Emotions seemed to be drawn to breaking point in Malawi as the country nervously awaits the high court ruling on the recount of the 20 May election results. This was evident in the clashes between the police and supporters of the incumbent president, Joyce Banda on Friday.
The 20 May election was only the fifth election in Malawi since the demise of Hastings Kamuzu Banda’s one man rule in 1997. This heralded the beginning of new things in Malawi, chief among which was the advent of democracy and the proliferation of political parties. The last election, in 2009 had been won by Bingu wa Mtharika, who then proceeded to hand pick his then foreign minister, Joyce Banda to be his deputy president. There was a fall out much later between the president and deputy after Banda refused to endorse Peter Mtharika as his brother’s successor in the presidency. That then led to her departure from the then ruling United Democratic Front, which led to the formation of the People’s Party.
On the 5th of May 2012, Bingu wa Mtharika suffered a heart attack and died. According to the Malawian constitution, Joyce Banda took over the presidency. This effectively meant that the People’s Party entered this election with a sitting president but without an established grassroots party structure. They were contesting the election against Banda’s former party, now headed by her nemesis, Peter. They are the first tripartite elections that the Malawians have participated in since Kamuzu’s time. This means that the electorate was voting for local government, members of parliament as well as the president. It is against this backdrop that the current elections have brought about this dispute. According to the preliminary results on Friday, Banda was trailing the other two presidential candidates while Mutharika wais leading the poll.

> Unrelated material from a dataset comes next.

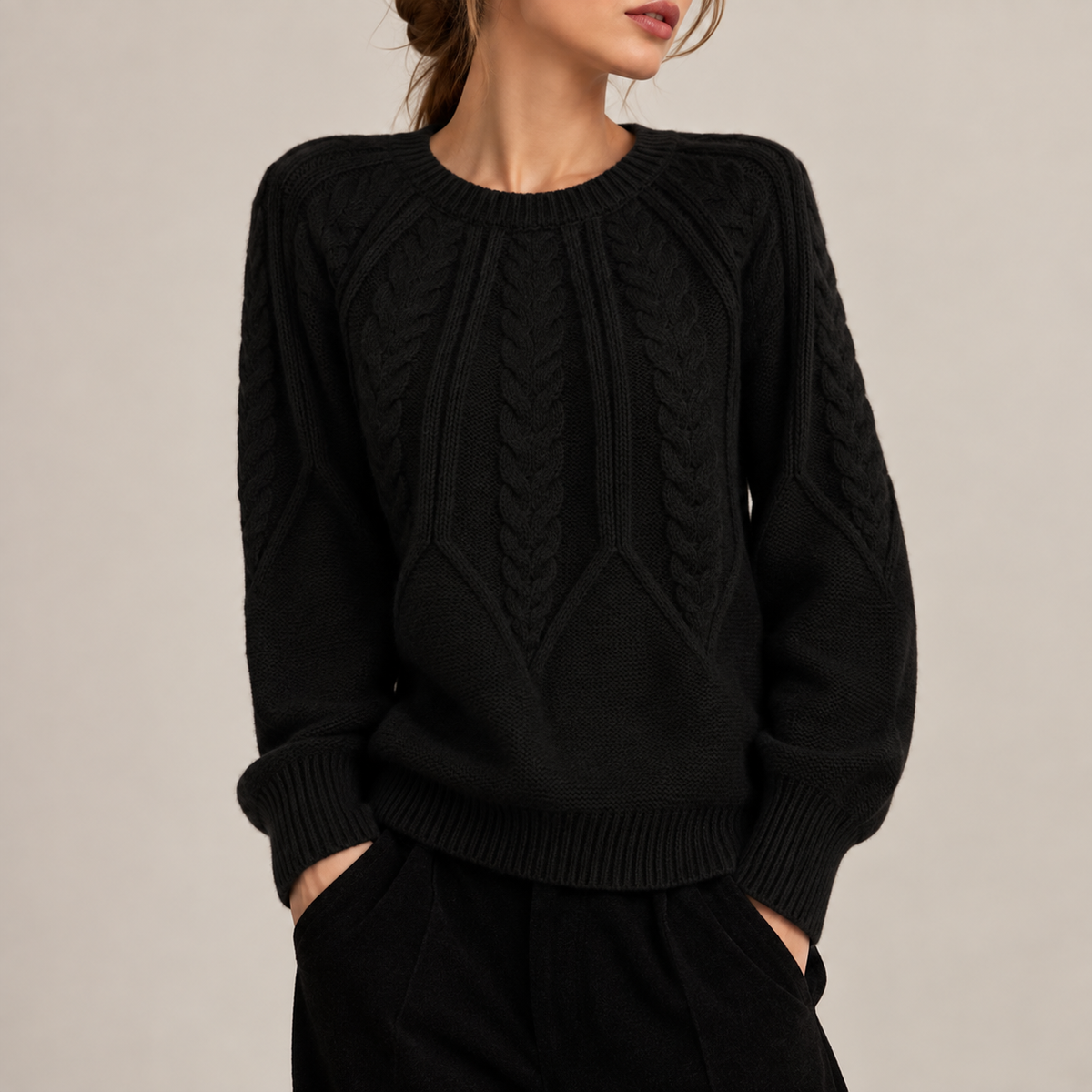Pull en Maille Torsadée Noir à Col Rond pour Femme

The police in the southern town of Mangochi clashed with protesters who were demanding a recounting of the presidential poll as the ‘warm heart of Africa’ awaits the ruling of the high court on what should happen regarding the election. This follows the presentation of arguments by both parties to the hearing to which Judge Kenyatta advised that when the verdict ready, the lawyers would be advised. No elaboration was given, however.

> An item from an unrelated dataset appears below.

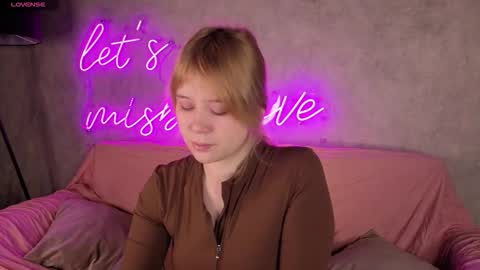 ellya_castro online show from November 9, 12:05 am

The Electoral Commission of Malawi has stated that they have noted some anomalies in the election. However, the Chairman, Maxon Mbendera said on Thursday that the elections were free, fair, transparent and credible. He has threatened to release the results if no court order instructs him otherwise. In agreement with him, the leader of the Malawi Congress Party, Lazarus Chakwenda has added his voice to those pressuring the courts to order a recount.